Standing in the doorway, a young Vietnamese woman offers a chilled silver bucket with champagne and crystal glasses. “Welcome to Hanoi, Mr. and Mrs. Graham,” she greets us. “We hope you enjoy your stay and appreciate your tour of our country,”

I am speechless as I take the champagne from her. Thirty-five years before, my fellow Americans and I were at war with Hanoi, and today I am greeted with champagne and a warm smile on our first day in-country.

Nancy and I have traveled to many countries around the world, but I have never wanted to return to Vietnam. The memories of that war from my service in 1967-68 kept the idea of returning far from my mind. My fellow soldiers had suffered and fought so hard to help Vietnam be free of tyranny. We left before we could finish the job. Most of us came home humiliated and frustrated, and most of us had no desire to see what happened once the Communists moved in and took over the country.

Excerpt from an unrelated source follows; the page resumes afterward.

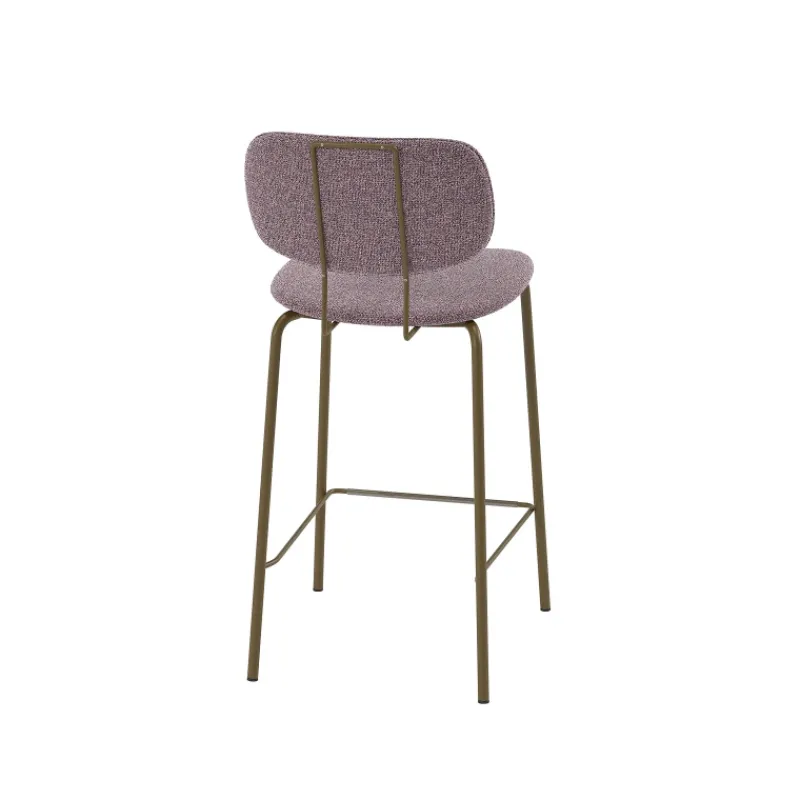 Perfecta Bistro Tabouret snack rétro en tissu et pieds en métal* Tabouret Snack (assise +/- 65 Cm)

For some reason, all these years later, Nancy convinced me that this trip might be healing. I agreed to go and try to have a good attitude.

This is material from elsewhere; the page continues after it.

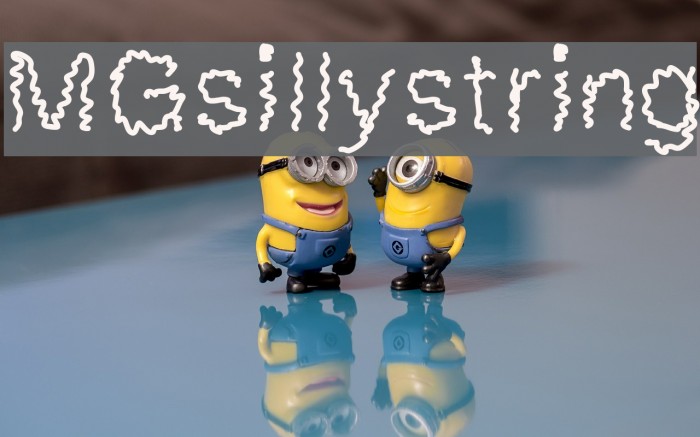 MGsillystring Font examples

Graham stands before Hoa Lo Prison, better known as the Hanoi Hilton, which housed POW Lt. Commander John McCain for five torturous years.

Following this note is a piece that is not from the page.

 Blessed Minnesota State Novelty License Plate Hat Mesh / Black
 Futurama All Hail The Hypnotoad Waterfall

We had landed in Hanoi that afternoon. On the way to our hotel, our tour guide paused by the small lake where John McCain had been shot down. He had ejected from his damaged jet and parachuted safely into the shallow waters. The tour guide went on to explain that within minutes of seeing McCain land in the water, the villagers living around this lake waded in. They grabbed any kind of tool or weapon they could find, and they began to beat John McCain horribly, maiming him for life. We were at war, and they took out their vengeance on the only enemy they had access to.

My only other recollection of Hanoi was when Jane Fonda visited the North Vietnamese capital in 1972. She was such a huge star; many of us young GIs had those famous pin-ups of her hanging in our tents or barracks. The national news showed “Hanoi Jane” with an enemy helmet on, seated on an anti-aircraft gun pointed to the sky where American planes flew. On that trip she berated our POWs on TV for all the world to see, and we felt betrayed seeing her posing in the midst of the North Vietnamese army.

I was not sure how this trip was going to be healing for me. The champagne and cute smile helped a little, though, as I prepared for the rest of the trip.

The tomb of Ho Chi Minh

Most of the next two weeks, actually, was exciting and interesting. We met so many kind, friendly people and visited some wonderful cultural and historical sites. Like many third-world countries in 2005, Vietnam was part of an economic boom, with multinational companies building factories and hiring low-cost Vietnamese labor to build goods for world consumption.

Departing Hanoi and North Vietnam, we landed in Da Nang in the middle of the country. Our new guide was a middle-aged Vietnamese woman named Mai, who spoke passable English. We were only with her for a few days but got to learn a lot about her life.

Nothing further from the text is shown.